Anak-anak sedang dalam masa pertumbuhan dan butuh asupan energi yang memadailah. Apalagi anakku kan di Jakarta itu ngekos. Kadang bawa bekal. Kadang tidak. Suka kesiangan. Mana sempat nyiapin bekal lagi. Keburu telat. Koko-kokonya juga sibuk dengan urusan kuliah dan kerja mereka. Nggak mungkin sempat mikirin hal-hal detail begitu. Karena itu aku berinisiatif untuk daftar katering. Sehari Rp 25.000. Masih terjangkau dan masuk dalam hitunganku. Aku berharap anak wedokku bisa fokus belajar, dan hidup sehat. Aku tidak selalu ada mendampinginya.
Pesan masuk. Dari Dek Saiydi. Kira-kira bunyinya seperti ini. "Ci, selama ada katering, Ehi pasti akan dapat jatah. Sudah saya daftarkan. Perkenankan saya yang membayarnya."
Jujur, aku merasa sangat tidak enak. Aduh. Bagaimana ini? Aku langsung balas chat. Dan mengatakan padanya tidak perlu repot-repot melakukan itu. Aku bilang, kami masih sanggup membayar. Hidup di Cikampek tidak semahal di Jakarta. Aku juga masih bisa metik-metik di kebun. Anak-anakku yang sudah bekerja memenuhi semua kebutuhan kami. Ditambah ada sedikit uang pensiun dari almarhum suamiku.
"Nggak apa-apa, Ci. Simpan aja uangnya untuk pendidikan Ehi selanjutnya." Dek Saiydi tetap bersikeras ingin membayari kateringnya Ehi. Aku bingung. Lalu aku coba diskusi dengan anak-anakku.
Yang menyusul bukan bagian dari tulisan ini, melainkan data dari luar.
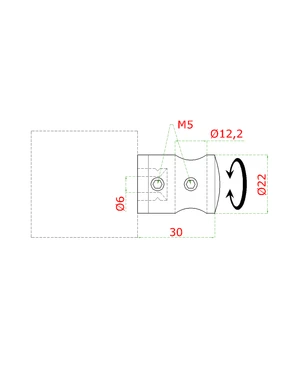 Držák tyče ø 12 mm, plochý, broušená nerez AISI 304 - slide 1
"Siapa Pak Saiydi itu, Ma?" Tanya Abhi anak sulungku.
"Orang yayasan di sekolahannya Ehi." Bodhi anak keduaku menyahut.
"Iya. Orang yayasan. Bagian keuangan," Ehi menimpali.
"Mama kok bisa kenal? Ketemu di mana?" Selidik Abhi lebih lanjut.
"Dibilang kenal, ya nggak kenal-kenal amat. Kebetulan satu grup sama Mama. Grup vihara waktu Mama kuliah di Bandung dulu," ujarku, menjelaskan.
"Mama sendiri belum pernah ketemu. Rupa orangnya seperti apa juga, Mama nggak tau," lanjutku.
"Trus, kok bisa mau bayari kateringan Ehi?" Tanyanya heran.
"Mama nggak tau. Mama sudah berusaha menolak beberapa kali. Tapi dia tetap bersikeras mau bantu." Untuk beberapa saat, suasana menjadi hening.
"Ya sudahlah, Ma. Kita sudah berusaha menolak, tapi dari Pak Saiydi sendiri tetap mau bantu Ehi. Terima aja. Anggap itu rezekinya Ehi, berkat karma baiknya" Cagga, anak ketigaku akhirnya buka suara.
Dhamma hanya diam, menyimak percakapan kami.
Akhirnya, setelah melalui diskusi keluarga, aku memutuskan untuk menerima kebaikannya itu.
Terimakasih Dek Saiydi. Semoga kelak, Ehi anakku pun bisa mengikuti jejakmu dalam berbagi. Terimakasih, sudah bantu menjaga dan mengawasi anakku Ehipassikodevi selama ini.
Selamat ulang tahun. Semoga selalu sehat, sukses dan bahagia. Tri Ratna memberkahimu dan keluarga.
Cici tidak bisa kasih apa-apa. Tulisan ini mewakili ungkapan rasa terimakasih dari keluarga kami. Semoga berkenan.
Kota Baru, Rabu, 7 Desember 2022 (Pk 20:10).